### Provided entries

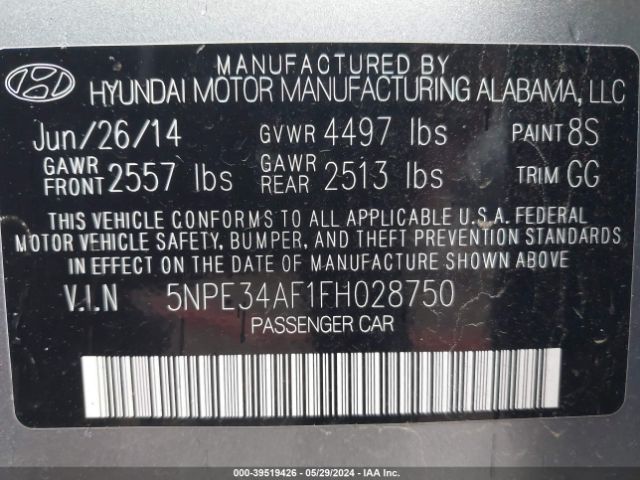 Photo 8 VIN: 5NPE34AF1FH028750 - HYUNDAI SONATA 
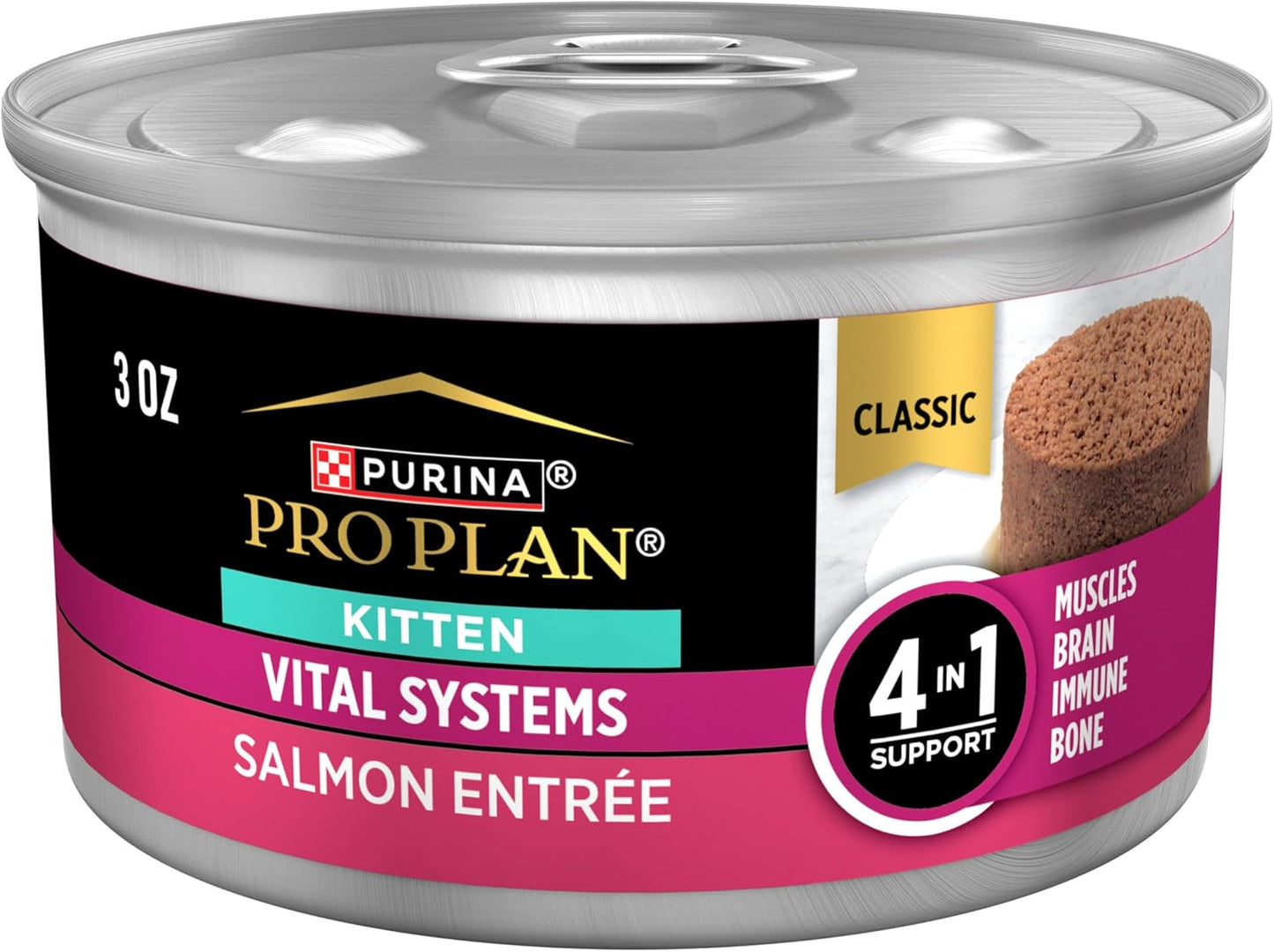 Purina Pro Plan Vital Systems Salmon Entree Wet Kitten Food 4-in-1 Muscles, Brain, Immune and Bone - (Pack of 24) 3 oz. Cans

...

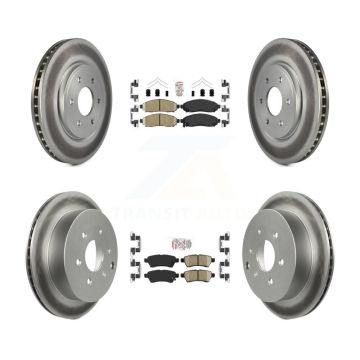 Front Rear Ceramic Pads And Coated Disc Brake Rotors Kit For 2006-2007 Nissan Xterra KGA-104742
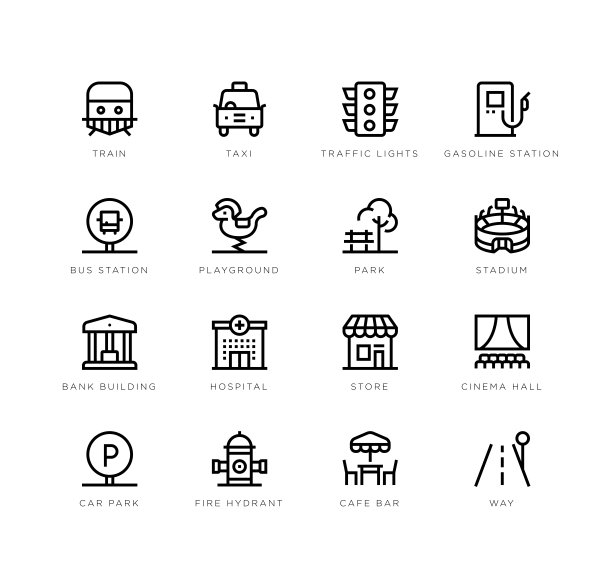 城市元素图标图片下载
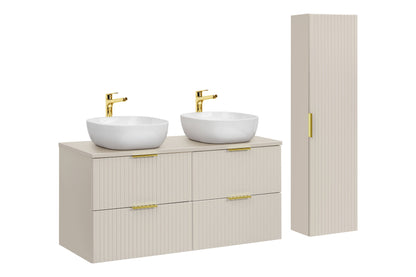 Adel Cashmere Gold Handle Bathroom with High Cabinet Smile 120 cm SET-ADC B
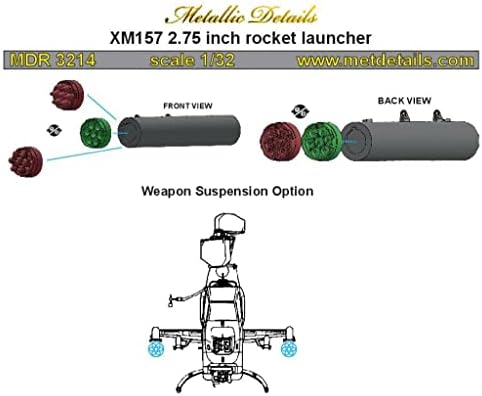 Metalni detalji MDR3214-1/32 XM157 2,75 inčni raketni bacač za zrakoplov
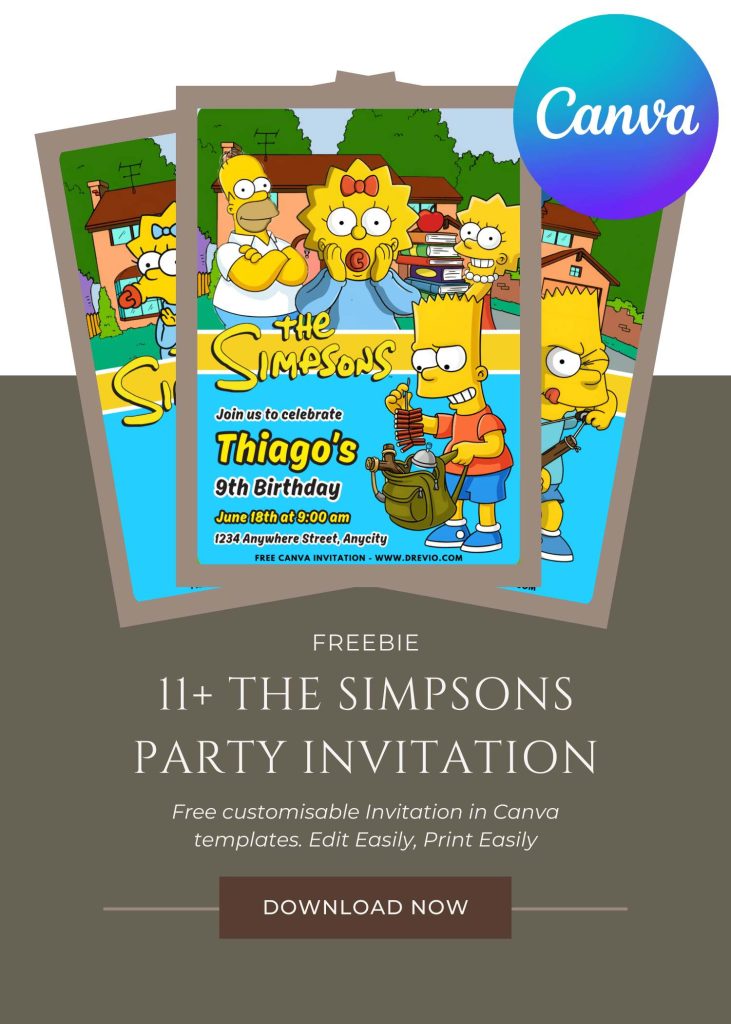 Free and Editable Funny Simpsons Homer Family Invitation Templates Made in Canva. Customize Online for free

==

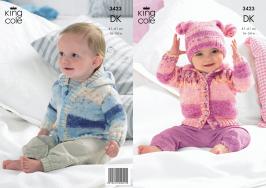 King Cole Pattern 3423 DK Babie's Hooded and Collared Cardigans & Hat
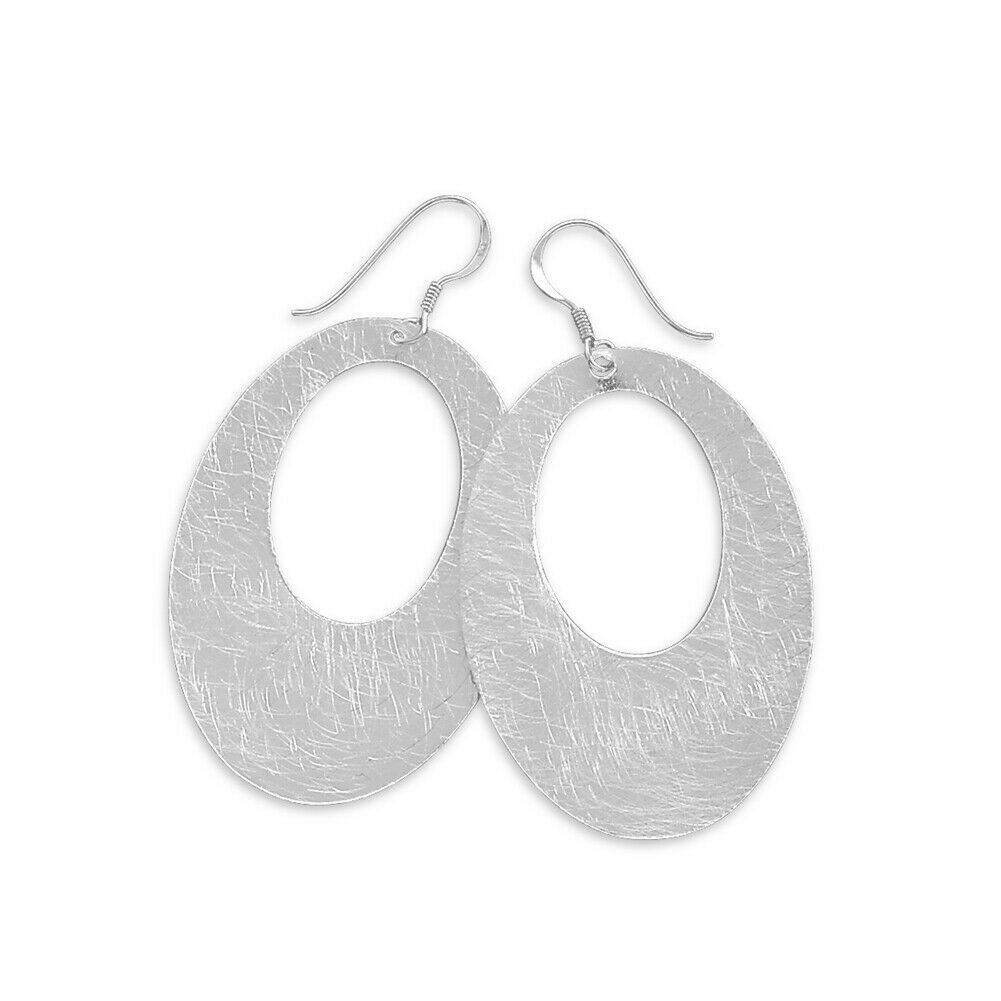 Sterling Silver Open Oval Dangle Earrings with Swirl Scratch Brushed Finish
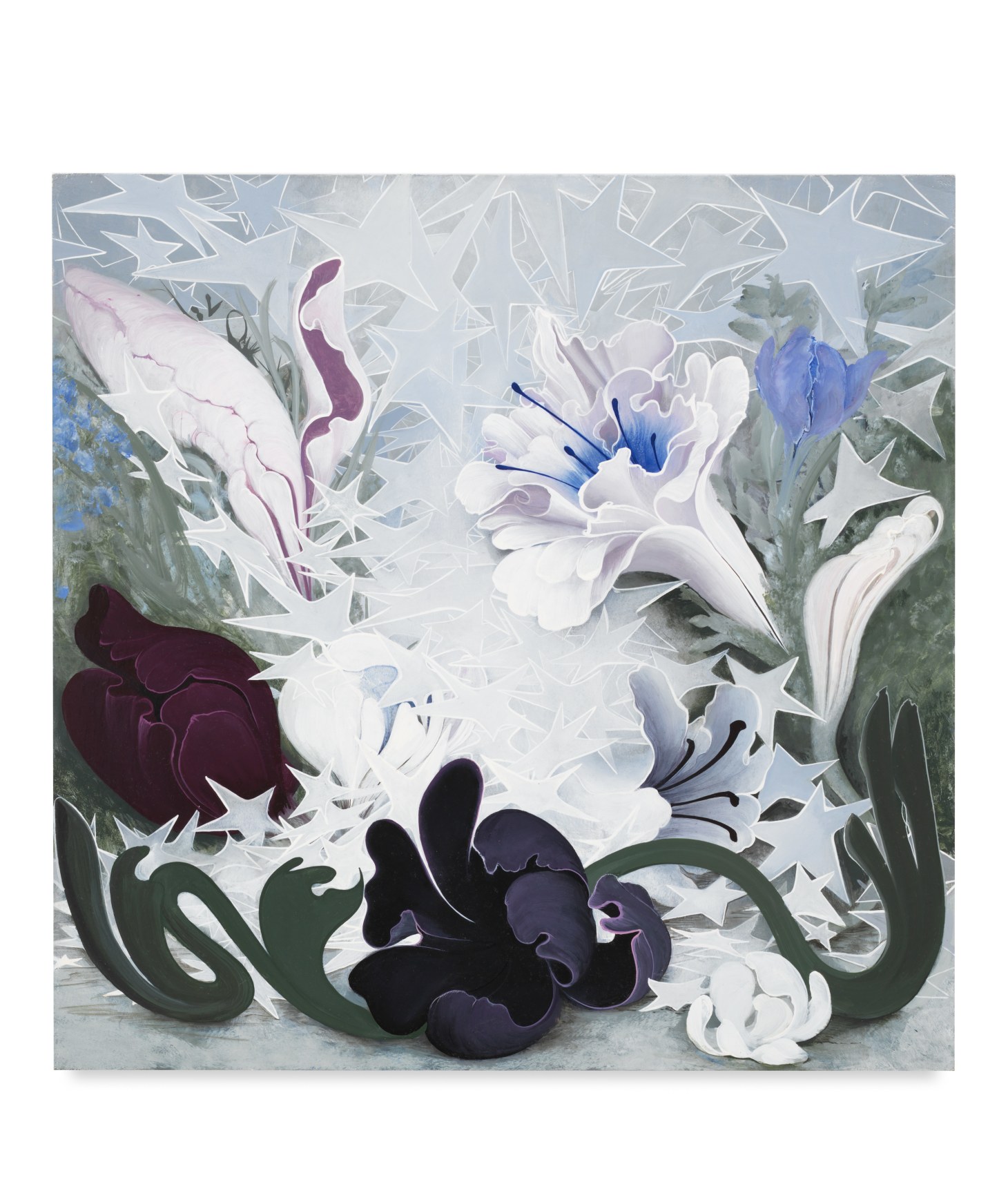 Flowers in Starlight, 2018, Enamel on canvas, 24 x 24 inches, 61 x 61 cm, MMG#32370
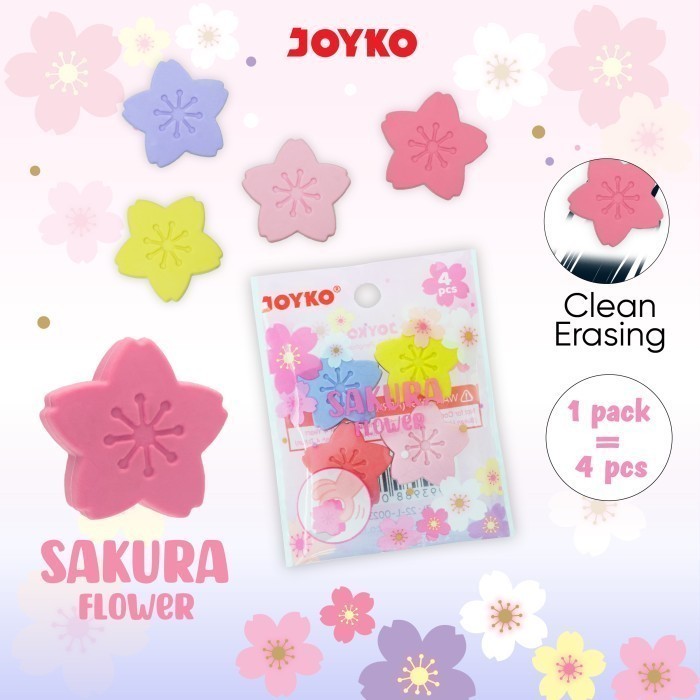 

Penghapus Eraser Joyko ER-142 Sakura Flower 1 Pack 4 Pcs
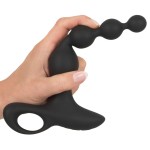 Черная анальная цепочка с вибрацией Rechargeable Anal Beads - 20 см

### Task to complete
Copy word for word only the lines above from the one with "Photo 8 VIN: 5NPE34AF1FH028750" through the one with "Purina Pro Plan". Leave pictures out.

### Finished exercise
 Photo 8 VIN: 5NPE34AF1FH028750 - HYUNDAI SONATA 
 Purina Pro Plan Vital Systems Salmon Entree Wet Kitten Food 4-in-1 Muscles, Brain, Immune and Bone - (Pack of 24) 3 oz. Cans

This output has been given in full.